Yeni bestelenmiş olmalı. Çünkü biliyorum ki bizim çocukluğumuzda Böyle bir ezgi yoktu. Belki de vardı da bize öğretilmemiş olabilir.

Kuşları ve dolaylı olarak kollamak ve sevmek amaçlı idi sanıyorum

Gerçi biz genelde ipin ucunu hep kaçırırız. Abartmayı, pay çıkarmayı çok severiz. Hayvan sevgisi kısmen de olsa gelişti. Evlerin bir bölümünde köpekle, kediyle iç içe yaşayanlar çoğalmakta. Moda ya, ben de yaparım hani!

Pencereye özellikle kışın ayazında, üşüyen ve aç kalan kuşlar evlerin pencerelerine konar, yardım umarlarmış, insanlardan; özellikle çocuklardan.

Ve yıllardan beri hep düşündürür ve duygulandırır bu öykü.
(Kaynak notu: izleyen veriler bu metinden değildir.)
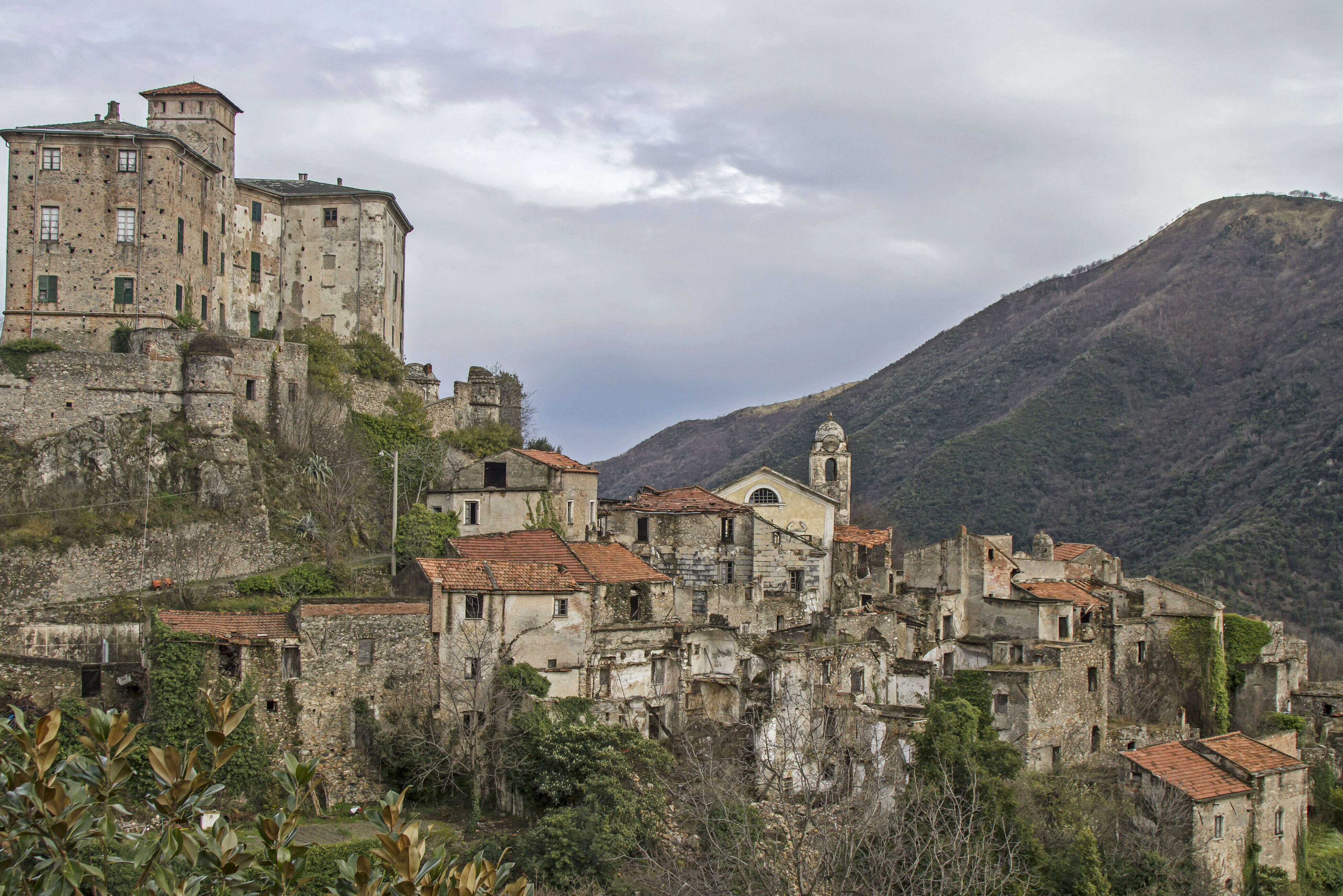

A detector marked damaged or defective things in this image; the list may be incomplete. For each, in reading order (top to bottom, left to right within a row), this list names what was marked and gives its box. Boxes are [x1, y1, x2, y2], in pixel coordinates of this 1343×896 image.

broken roof [513, 451, 599, 473]
broken roof [609, 486, 747, 516]
broken roof [827, 526, 891, 548]
broken roof [413, 556, 572, 591]
broken roof [448, 529, 596, 585]
broken roof [566, 542, 671, 585]
broken roof [158, 610, 297, 645]
broken roof [1117, 741, 1252, 800]
broken roof [1198, 736, 1300, 779] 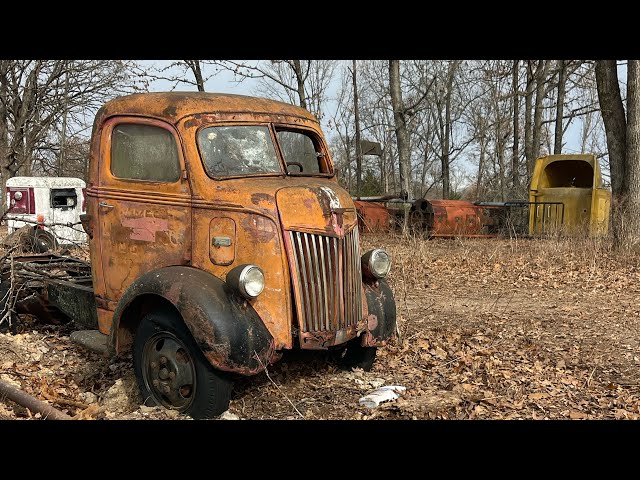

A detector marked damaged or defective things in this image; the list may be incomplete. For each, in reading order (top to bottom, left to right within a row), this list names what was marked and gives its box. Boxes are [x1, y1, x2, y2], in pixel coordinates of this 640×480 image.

rusty vintage truck [0, 92, 398, 418]
rusty metal panel [210, 218, 238, 266] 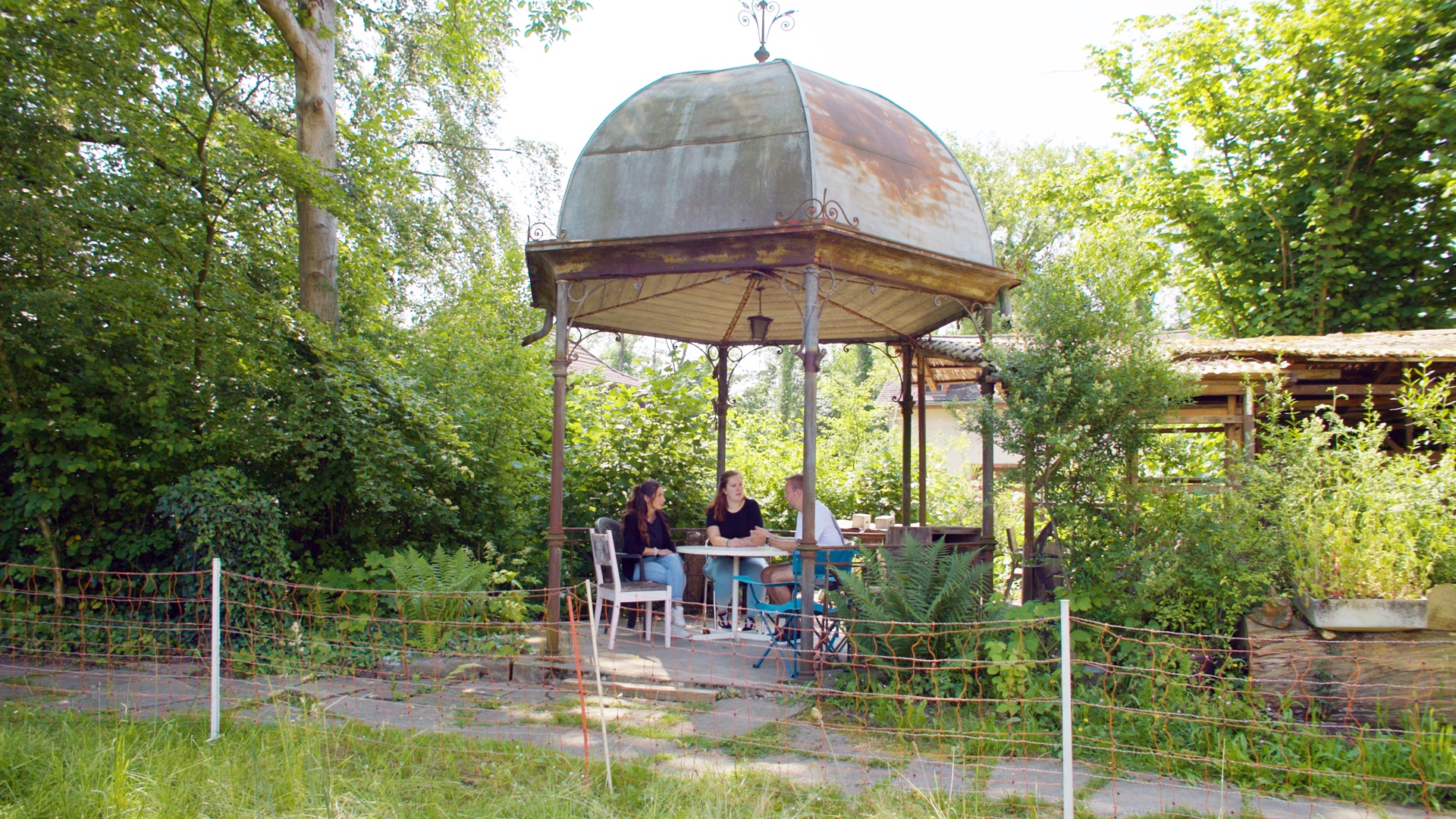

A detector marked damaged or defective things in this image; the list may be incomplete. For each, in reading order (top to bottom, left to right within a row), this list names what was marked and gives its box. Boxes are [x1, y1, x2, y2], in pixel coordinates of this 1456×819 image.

rusty metal gazebo [525, 61, 1025, 655] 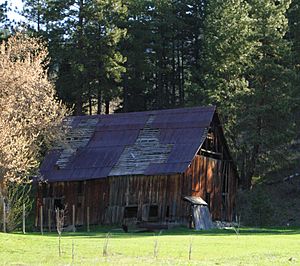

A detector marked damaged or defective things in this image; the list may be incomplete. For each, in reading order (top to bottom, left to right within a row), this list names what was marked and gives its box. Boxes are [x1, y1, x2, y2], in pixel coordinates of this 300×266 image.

rusty red roof [39, 105, 217, 182] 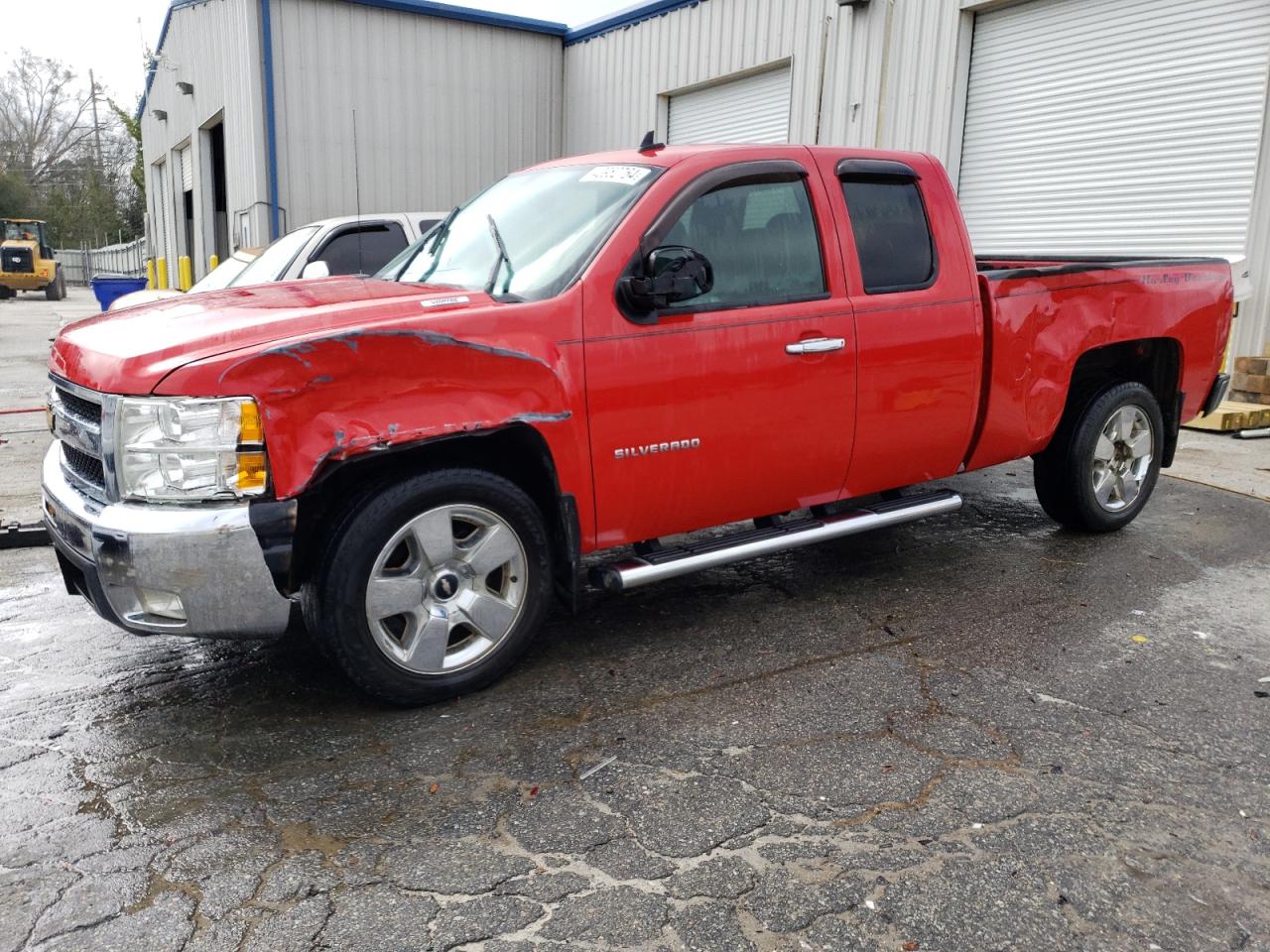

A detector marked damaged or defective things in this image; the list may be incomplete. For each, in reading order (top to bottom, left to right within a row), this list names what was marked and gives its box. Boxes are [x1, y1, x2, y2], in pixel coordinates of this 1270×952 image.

cracked pavement [0, 467, 1264, 949]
Çünkü ben, öyle bir şeyle hiç karşılaşmadım çocukluğumda.

Anımsadığım kargaların tavan arasına yuva yapmalarıydı. Çocuk aklı işte; bazen tavan arasına girer ya yuvalarını bozar, yumurtalarını kırar , yavrularını tutsak ederdik.

Bunu gören ya da sezen kargalar başımıza üşüşür gagaları ve çığlıklarıyla korkutmaya çalışırlardı bizi.

Bir ara da güvercin alıp bakmış ve çoğaltmıştık. Bu sevimli kuşlar daha sevimli ve başkaydı.

Bizim oralarda sapana kuş lastiği denirdi. Erkek çocuklar çoğunun boynunda asılı dururdu.

Kuş avlamaya çalışırdık onlarla. Beceren de olurdu. Bu işlerde en beceriksiz bendim. Çocukluğum çabucak geldi geçti de bir serçe bile vuramadık.

Derelerden balık tutma işinde de öyleydim. Ancak parmak kadar bir tek balık nasılsa oltama gelmişti. Onu da kediye verdim, yememişti.

Şuraya varmak istiyorum.

Son günlerde iki serçe dadandı bizim pencerenin dış denizliğine.

Daha önceleri ve özellikle karlı buzlu günlerde oraya bulgur gibi şeyler koymuştuk. Gelip yemişlerdi.

Baktım, yiyecek olmasa bile sık sık uğramağa başladılar. Bir şeyler bulamadıkları zamanlarda da gagalarıyla camı tıklatmaya başladılar. Yine yiyecek istiyorlardı. Bu tıklamalar bizi uyarmak için olmalıydı.

Eşim de bende sevdik bu ziyaretleri. Yine bir şeyler koymak gerekiyordu. Bu iki sevimli kuşu kırmaya gelmezdi doğrusu. Bizi mutlu ediyorlar, sevindiriyorlardı. Sonra sonra güvercinler ve kargalar da uğrar oldu. Güvercinlere kızmıyordum. Ama kargaları hemen kovalıyordum. Eşim dedi ki, onlar da hayvan. Yani canlı… Haklıydı…

-------------------

Hey Tezcan, ne diyorsun sen?

Yaşadığımız acılar ve sorunlar diz boyu iken serçeler camı tıklıyormuş! Olacak şey mi? Daha bir iki gün önce sekiz şehit verdik. Duymadın mı?

Nevruz bahanesiyle yaşananları işitmedin mi?

Ucube örnekleri ve insanlık dışı yaratıklar acımasızca kan döküyor. Kandilde yağ değil kan dolu. Kin ve acıyla yaşıyoruz günlerdir. Utanmazlığın taşlaşmış yürekleri ve destekçileri bir türlü akıllarını başlarına toplayamadılar.

Silahla, kanla hamur yoğuranlar ve yandaşları istediğini yapacak, söyleyecek biz, kendi yurdumuzda susacağız. Olacak iş mi?

Şehitlerimize rahmet,, yakınlarına sabır, ülkeme baş sağlığı diliyorum bir kez daha ve içim burkularak...

Bir teselli bile olsa umarım son olur diyorum ama, kime?